[Records for this exercise Boundary: Start]

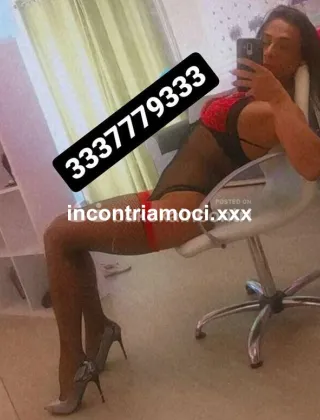 30 - Top Trans Trans Valle d'aosta - 3337779333
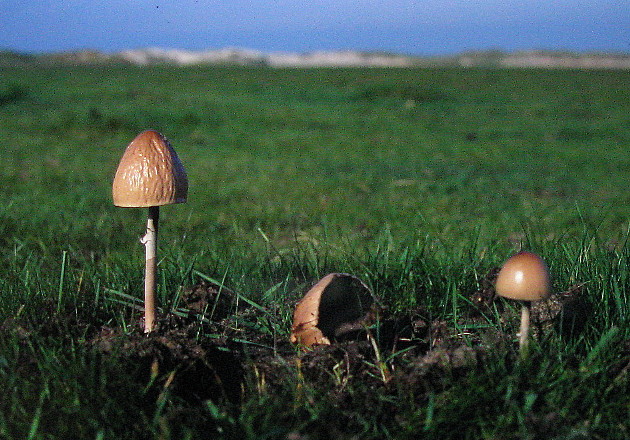 Ring-Düngerling (Panaeolus fimiputris) --- 3. Foto ---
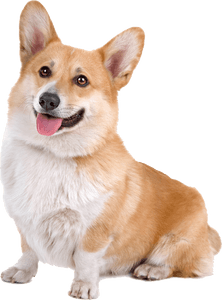 Corgi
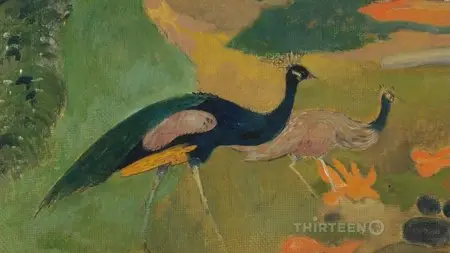 PBS - Paris: The Luminous Years (2010)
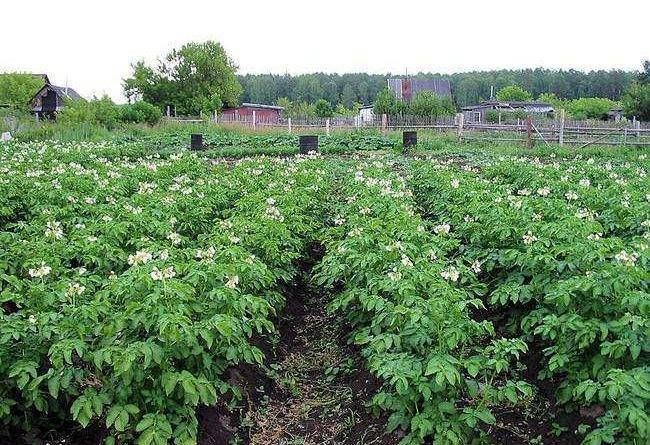 Внекорневая подкормка картофеля после всходов и во время цветения: как и чем удобрять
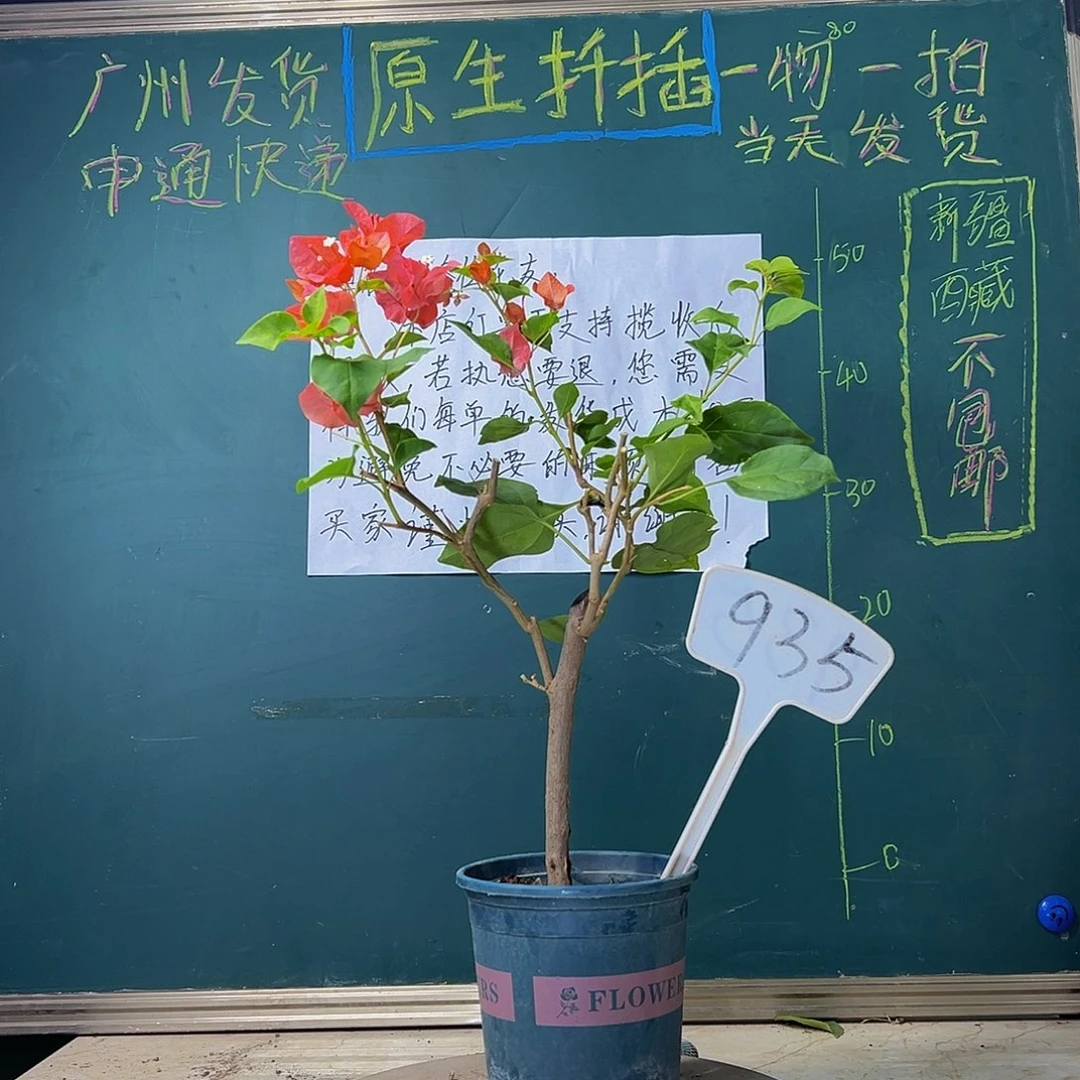 当前无花栽培后可以开花 暗斑夕阳红 935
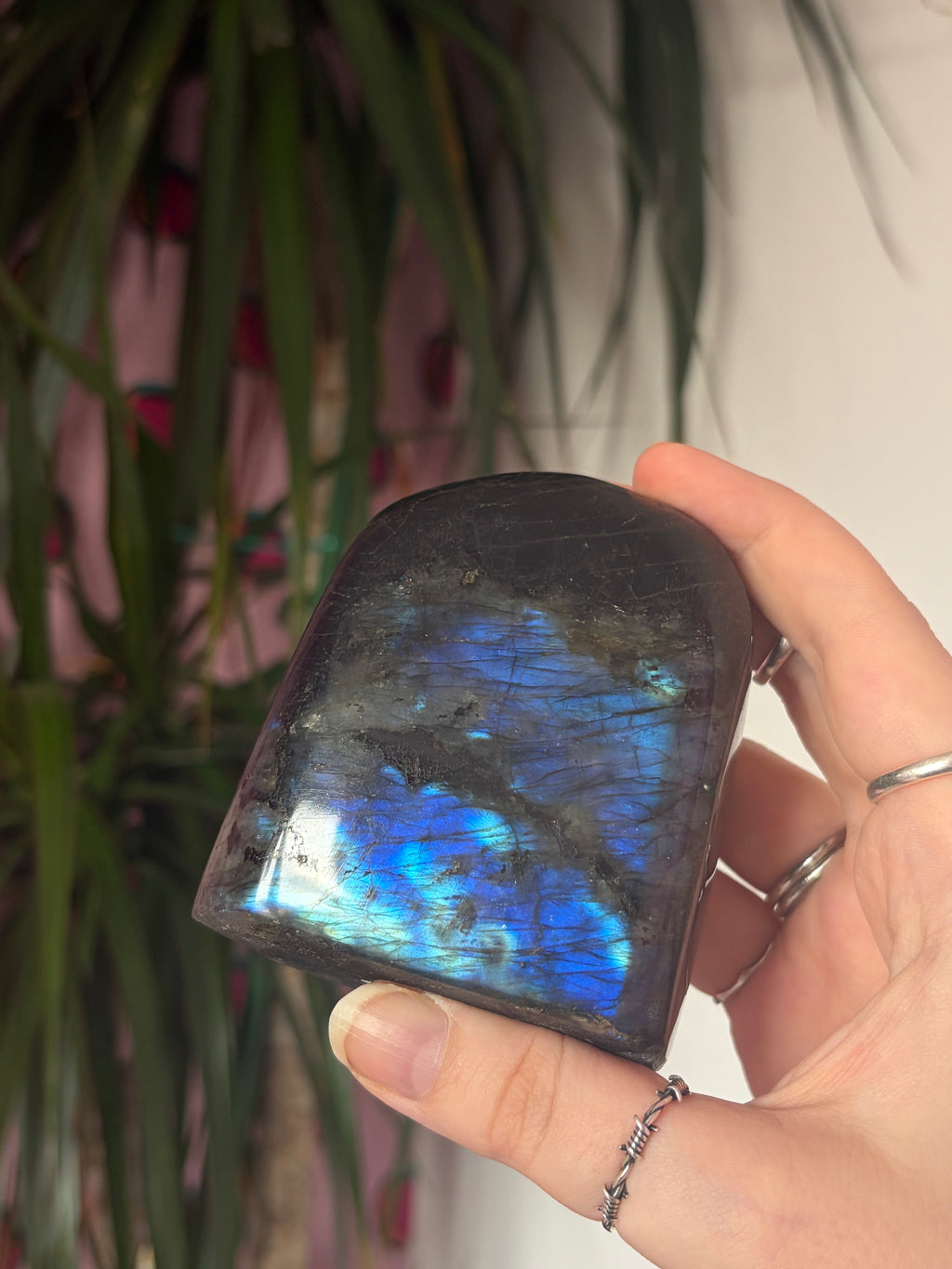 A Grade Labradorite Freeform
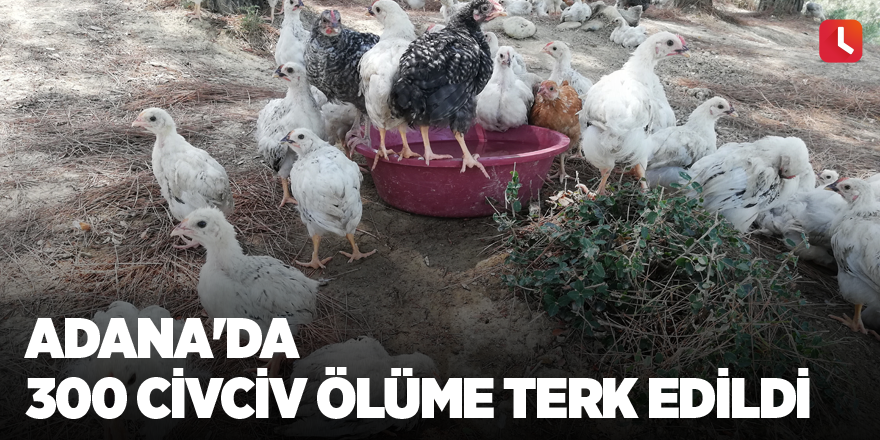 Adana'da 300 civciv ölüme terk edildi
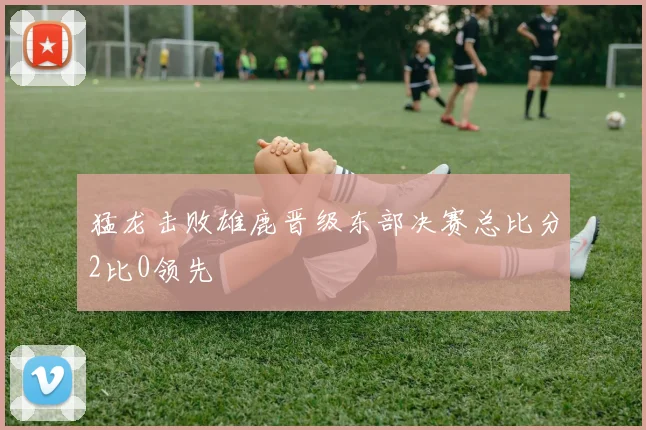 猛龙击败雄鹿晋级东部决赛总比分2比0领先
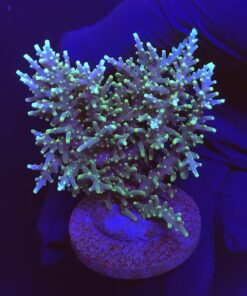 Yellow Tips Dragon Mini Colônia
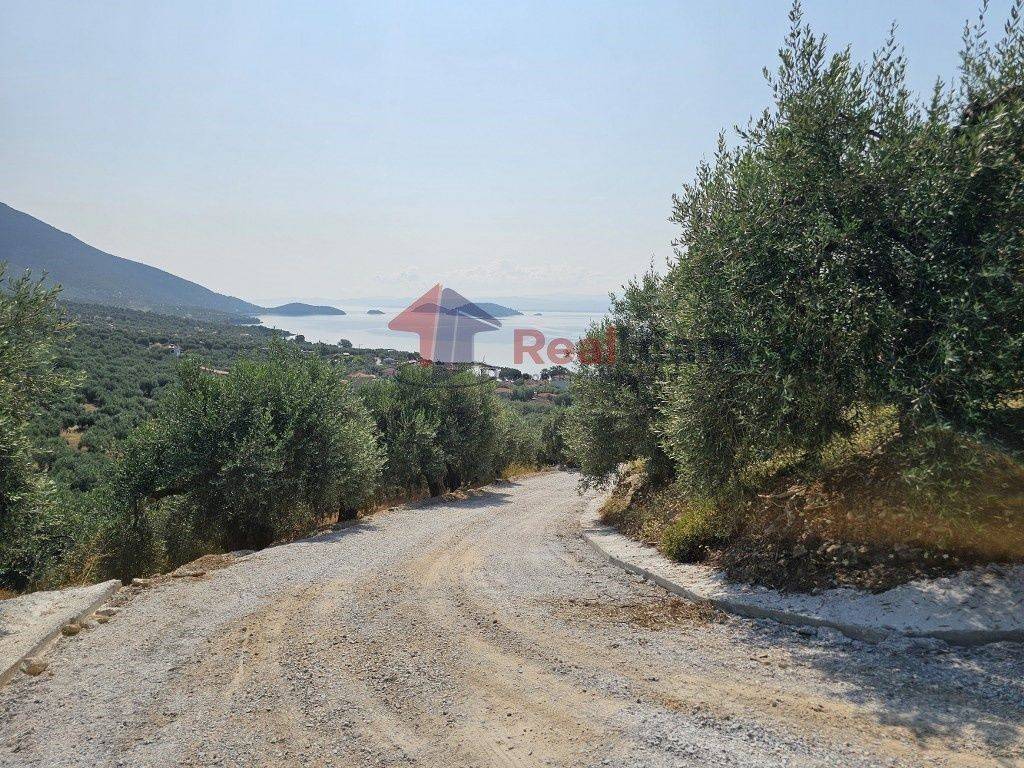 Εξωτερικοι χώροι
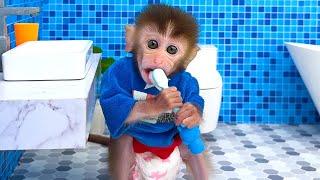 Baby monkey Chu Chu eats rainbow jelly and plays with ducklings in the bathroom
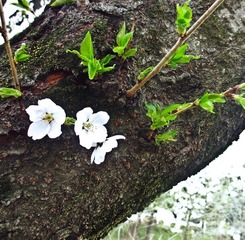 IMG_0959.jpg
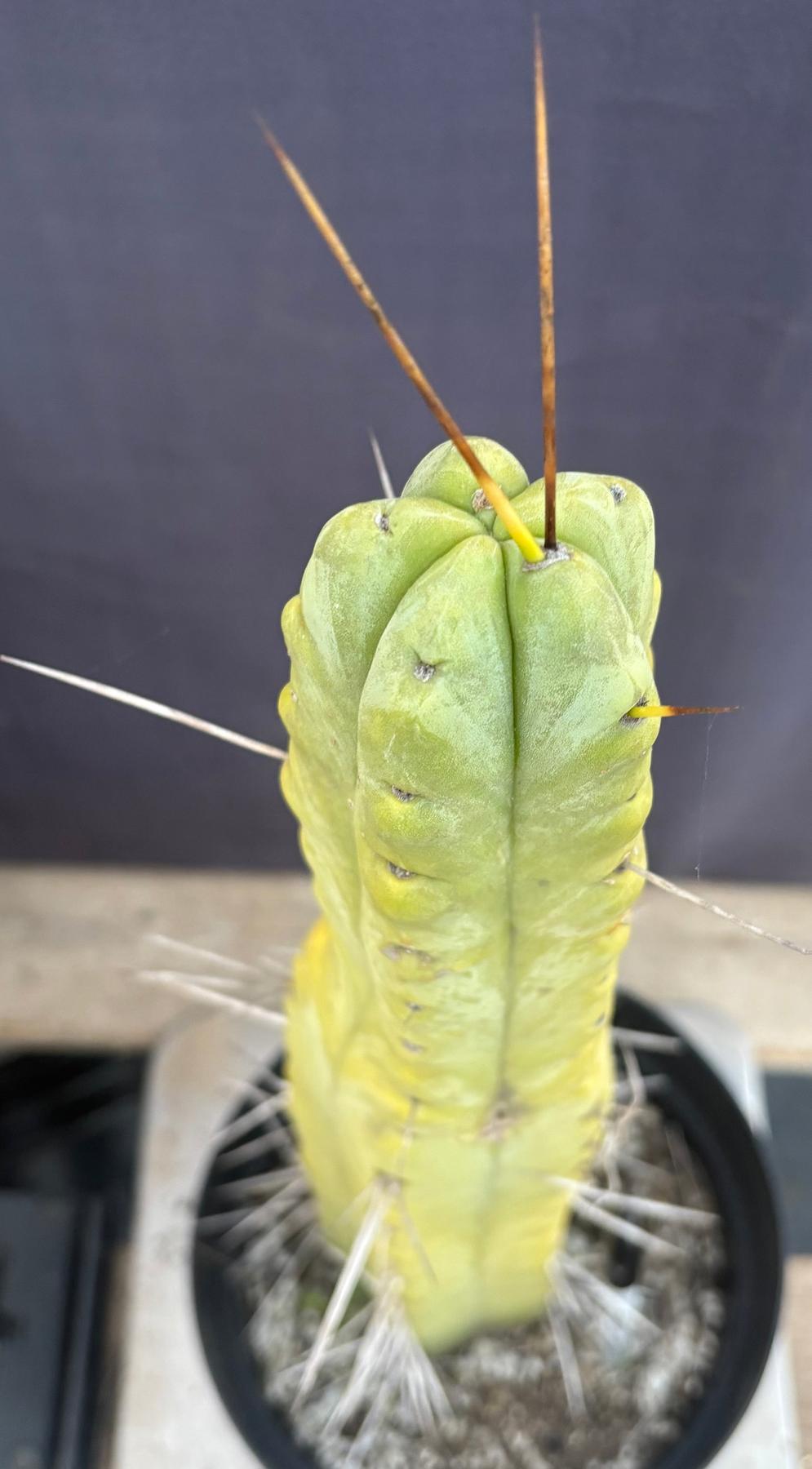 #EC151 EXACT Trichocereus Bridgesii Twin Spine Ornamental Cactus 14.5”-Cactus - Large - Exact-The Succulent Source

[Records for this exercise Boundary: End]

How to complete this task
Go to the line that contains "Yellow Tips Dragon Mini Colônia" and copy exactly from there through the last line of the records above, both included. Omit pictures.

Result of this exercise
 Yellow Tips Dragon Mini Colônia
 Εξωτερικοι χώροι
 Baby monkey Chu Chu eats rainbow jelly and plays with ducklings in the bathroom
 IMG_0959.jpg
 #EC151 EXACT Trichocereus Bridgesii Twin Spine Ornamental Cactus 14.5”-Cactus - Large - Exact-The Succulent Source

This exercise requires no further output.